After a moment he went on. “When I have that feeling, I can’t be angry or rash or foolish. It makes me want to spend day after day with Inyan.”
Horn Chips said, “Inyan is speaking.”
Crazy Horse said, “I don’t know what the stones are saying.”
Horn Chips’ only other comment was, “Keep listening. Expect nothing. Listen.”
As Crazy Horse left, Chips remarked to his wife that he saw that his friend’s spirit was better, and he was glad.
Though Crazy Horse concentrated on waiting without expectation, one of his thoughts was that Hawk might return to him if he spent his time this way, his heart open, his being receptive.
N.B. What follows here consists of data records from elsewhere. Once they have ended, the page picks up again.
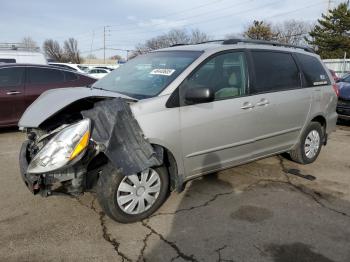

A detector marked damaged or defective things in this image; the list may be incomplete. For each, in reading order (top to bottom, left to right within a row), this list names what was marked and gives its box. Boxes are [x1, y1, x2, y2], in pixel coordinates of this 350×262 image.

broken headlight [27, 119, 90, 174]
crumpled hood [18, 86, 135, 127]
damaged front end [20, 97, 164, 196]
cracked pavement [0, 125, 350, 262]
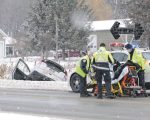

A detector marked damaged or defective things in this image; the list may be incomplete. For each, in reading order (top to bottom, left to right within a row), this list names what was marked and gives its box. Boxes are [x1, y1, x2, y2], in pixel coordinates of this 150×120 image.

crushed car door [12, 58, 30, 80]
overturned vehicle [12, 58, 67, 81]
damaged car [12, 58, 67, 81]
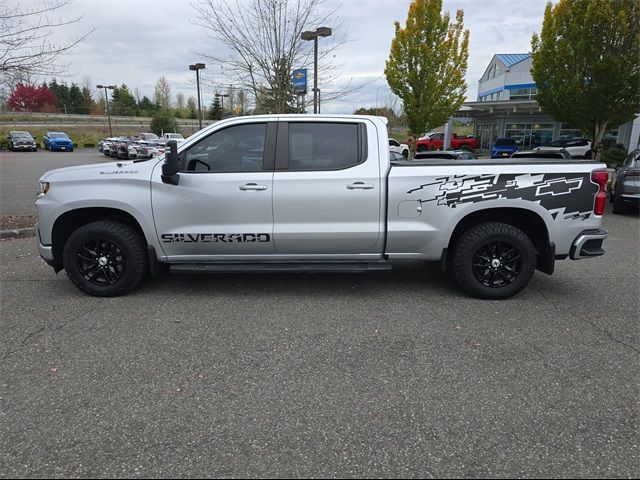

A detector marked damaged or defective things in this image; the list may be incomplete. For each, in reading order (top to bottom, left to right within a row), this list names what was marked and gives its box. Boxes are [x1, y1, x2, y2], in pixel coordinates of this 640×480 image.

asphalt crack [1, 304, 100, 360]
asphalt crack [536, 286, 640, 354]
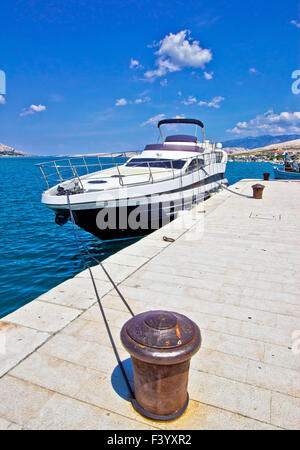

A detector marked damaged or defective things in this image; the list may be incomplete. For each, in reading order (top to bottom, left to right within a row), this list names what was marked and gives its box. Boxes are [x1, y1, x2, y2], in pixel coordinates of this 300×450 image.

rusty mooring bollard [120, 312, 202, 420]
Sometimes he had a sense that Hawk was near, just out of reach, close but not yet back in his heart. He knew better than to lurch toward this presence he felt hovering. Hawk would come when she was ready.
His sense of the nearness of Hawk was not vague or ephemeral. It was definite, as Hawk’s perch in his heart had been unmistakable, and it clearly did not yet include Hawk. She was not within.
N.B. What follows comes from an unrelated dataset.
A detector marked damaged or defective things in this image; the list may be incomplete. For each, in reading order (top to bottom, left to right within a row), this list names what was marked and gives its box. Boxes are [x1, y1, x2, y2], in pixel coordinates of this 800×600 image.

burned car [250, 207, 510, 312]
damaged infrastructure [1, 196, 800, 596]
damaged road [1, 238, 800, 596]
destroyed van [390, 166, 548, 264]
His heart began to recover now. He recognized again the feelings of his youth and young manhood, tentative yet returning—aspiration and hope, a sense of possibility, the prospect of welcome challenges.
Sometimes he thought the coming challenge was living wild again. Other times he thought it was his own death. Either way, desolation seemed to be loosening its grip on him.
As he sat breathing, he thought often of the
cante ista
. He knew that when he was listening to Inyan and the beat of the earth, he saw with the single eye that is the heart. He had no words for what he saw and heard. It was just a sense of the rightness of things. It was healing.
He would be willing to die if he could have Hawk back, and be healed.
Crazy Horse called his friends to him in twos and threes, men he had ridden the war trail and the hunting trail with, men who could keep a secret and who were of like minds, as unsuited for agency life as he was. Red Feather, the younger brother of Black Shawl. Black Elk. Ashes and Bull Head, his father’s brothers, his
ate
. His father and Touch-the-Sky, his uncle on his birth mother’s side, slipped down from Spotted Tail Agency one night, and he talked all the next day with them. Club Man, his sister’s husband. Little Killer, Little Shield, and Short Bull. Good Weasel, his lieutenant through the last years of war. He wanted six or eight companions, with their families.
He made them all the same proposition. He was weary of chieftainship, he said, and was setting it down as fast as the
wasicu
would let him. Little Hawk would be much better than Crazy Horse at facing the new challenges of agency life. For himself, he said, agency life was no life. His spirit was dead here, his medicine sapped. “Maybe agency life isn’t for you either,” said Crazy Horse to each one.
“I have given my word,” he declared, “and I will not lead the people off the agency and back to the free life. I have given my word. But a few of us can slip away, and live as we like. Maybe you would like to do that on your own. Or maybe you have relatives with Sitting Bull in the Land Their Grandmother Claims. Or maybe you would like to do it with me.